Akademi Sayfası "Terör Üzerine Bazı Düşünceler" Zaman ,12 Eylül 1993

".....Kaldı ki, Amerika'nın gerçekte İslam'la bir alıp veremeyeceği var mıdır, sorusu da gözden geçirilmelidir. Bize kalırsa ABD'nin İslam'la doğrudan bir hesaplaşması hiç olmazsa tarihen söz konusu değildir, onun ilgi duyduğu tek nokta kendi ülkesinin çıkarlarıdır. Müslümanlarla ABD'nin çıkarlarının örtüştüğü noktaları tespit etmek acaba hiç mi mümkün değil? Keza aynı şeyi Avrupa nezdinde düşünmek çok mu abes olur? "

Rasim Özdenören "Lozan Ukdesini Atamadık" Yeni Zemin, Eylül 1993, sy 15.

"Hiç dikkat ettiniz mi, bilmiyorum. Geçen gün Kızılay'da yürüyordum. Baktım her tarafta sarı kırmızı bir afiş var. Tepesinde orak çekiç altında bir işçi resmi ve üzerinde şu yazı: "Özelleştirme, sınıfa saldırıdır." Demek ki Türkiye'nin ilerlemesini istemeyen orak-çekiçli kafalar, özelleştirmeyi tehlikeli buluyorlar. Neden? Çünkü özelleştirmede rekabet vardır... "

Ferruh Bayraktar ile Röportaj'dan Sur, Eylül 1993 sy 4.

" Medya "RP'yi ne yapalım da İran'a benzetelim" diye çok ciddi savaş veriyor. İran, Şah gibi bir zalimi devirmiştir; bu başarılarını takdir ediyoruz. Ama orada her şey mollaların elindedir. Türkiye'de mollalar diye bir sınıfın olmasına gerek yok. Bizde Kesinlikle amir olan merci Meclis'tir.

Biz tümüyle Batı'ya karşı değiliz. Batı'nın alabileceğimiz güzellikleri, reddettiğimiz çirkinlikleri vardır. Buna Amerika da dahil. Bizi ABD'ye tamamıyla karşı gibi göstermeye çalışıyorlar.

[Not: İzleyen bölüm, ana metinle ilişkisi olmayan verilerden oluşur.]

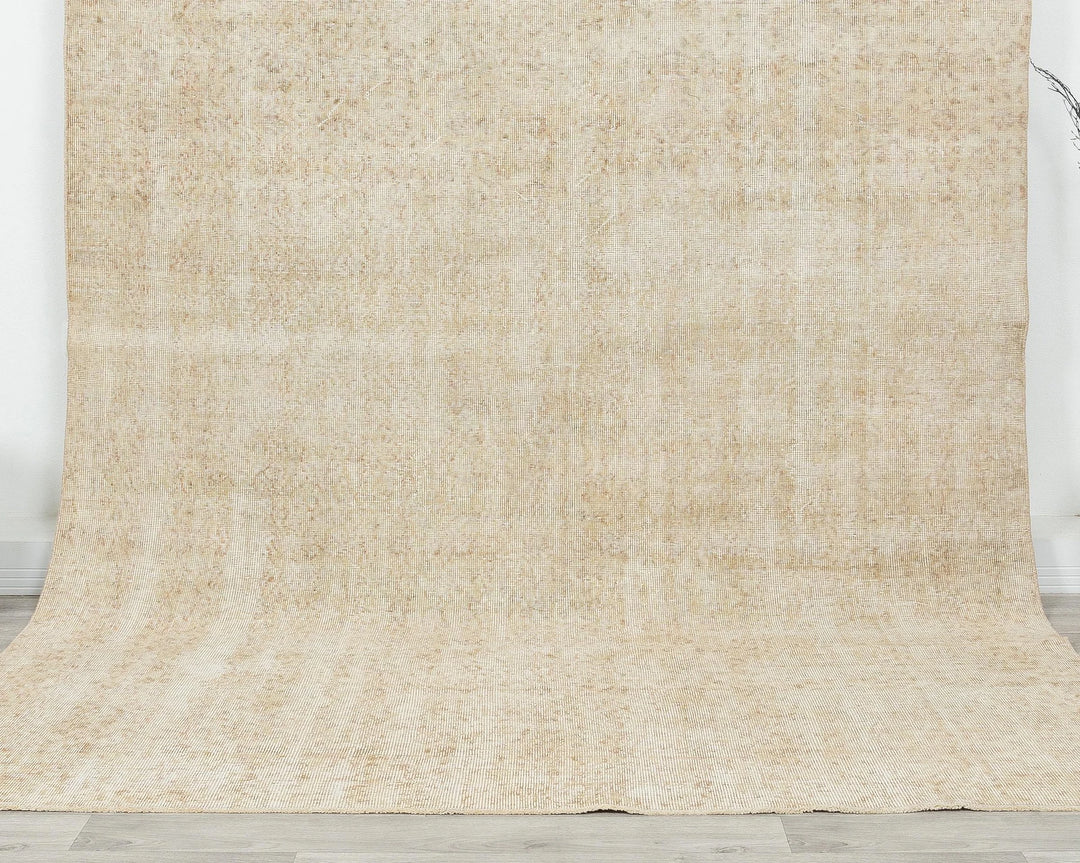 Beige Turkish Oushak Rug 6'7" x 9'10" Hand-Knotted | No. VR56890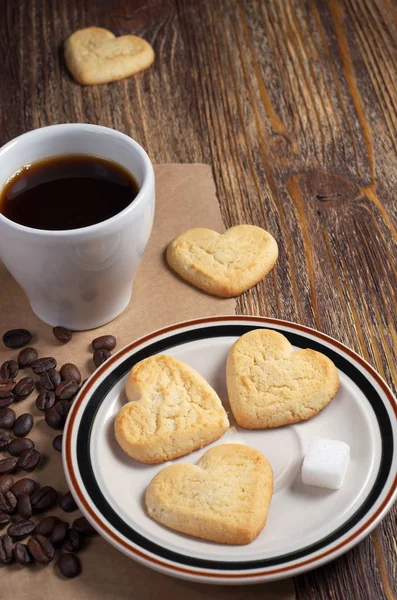 Shortbread Cookies Shape Heart Plate Cup Coffee Old Wooden Table — Stock Photo, Image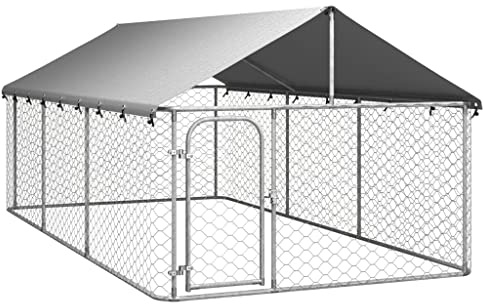 Willood Perrera de Exterior con Techo 400x200x150 cm Jaula Cachorro Mascota
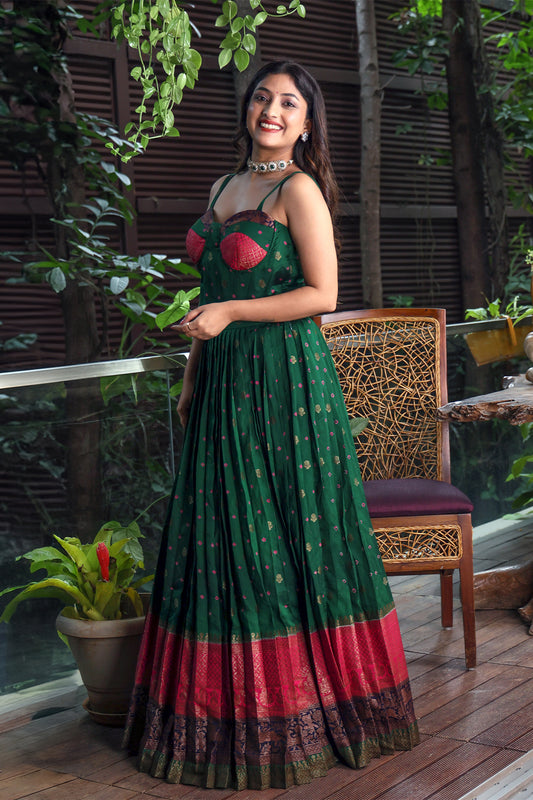 dupion green lehenga with blouse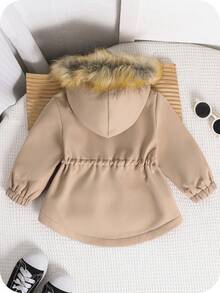 SHEIN Unisex Baby Söt Avslappnad Svart Fleecejacka med Huva, Lämplig För Pojkar och Flickor, Höst/Vinter - Aprikos - Visa 2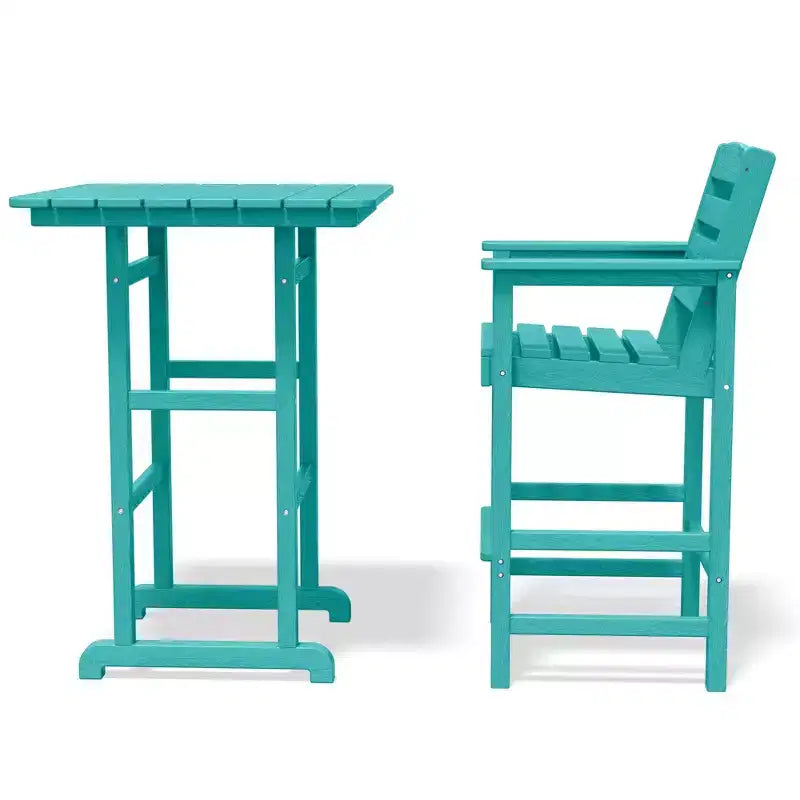 Hyleory 3-Piece HDPE Outdoor Patio Bar Set with Bar Stools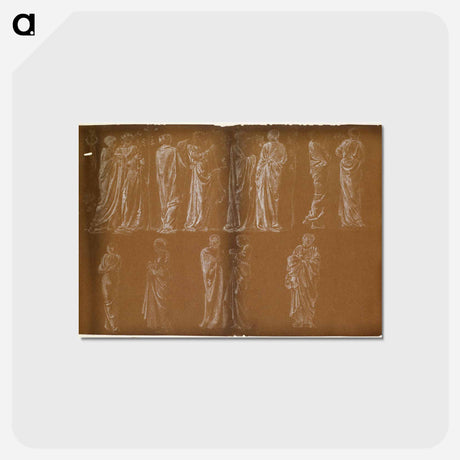 アートポストカード-Female - Thirteen Drapery Studies - エドワード バーン ジョーンズ Postcard.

Yok böyle bir şey."

RP İstanbul İl Başkanı Tayyip Erdoğan ile Röportaj'dan Milliyet, 19 Eylül 1993

Teröristler geneleve saldırdı: 2 polis şehit

ERZURUM Genelevi'ne saldıran PKK'lı teröristler, iki polisi şehit etti, biri genelev kadını üç kişiyi de yaraladılar.

Erzurum şehir merkezine yaklaşık 10 kilometre uzaklıkta bulunan Boğaz mevkiindeki geneleve, dün akşam saat 21.15 sıralarında gelen iki terörist, kapıda bulunan polis noktasına otomatik silahlarla ateş açtı.

Saldırıda polis Cahit Kaya şehit oldu. Gnelev içindeki polis binasına da el bombası atan teröristlerle çatışmaya giren polis Ali Kamacıda şehit düştü.

Teröristler, daha sonra genelevde bulunan evlere tek yek ateş açarak kaçtılar. Saldıra da genelev kadını Ayşe Çömez ile Hüseyin Oban ve Ekrem Sönmez adlı vatandaşlar ağır yaralandı: Teröristlerin yakalanması amacıyla şehrin giriş çıkışlarının tutulduğu ve bölgede yoğun operasyonlarının sürdürüldüğü bildirildi.

Milliyet, 2 Eylül 1993

Türkiye sayı ve çeşitlilik açısından "şehidi" bol bir ülke. Kişi başına düşen "milli şehid" oranı herhalde dünya ortalamasının epeyce üzerinde seyrediyor. Şüphesiz T.C.'nin mensubu bulunduğu Kemalizm dininin, yeni şehidlik kategorilerinin üretilmesine elverişli bir niteliğe sahip olması bu durumun ortaya çıkmasında etkili olmakta. En son ve enteresan şehidlik çeşidini, genelevi kahramanca korurken T.C.'nin şehadet mertebesine ulaşan iki polis ortaya koydu.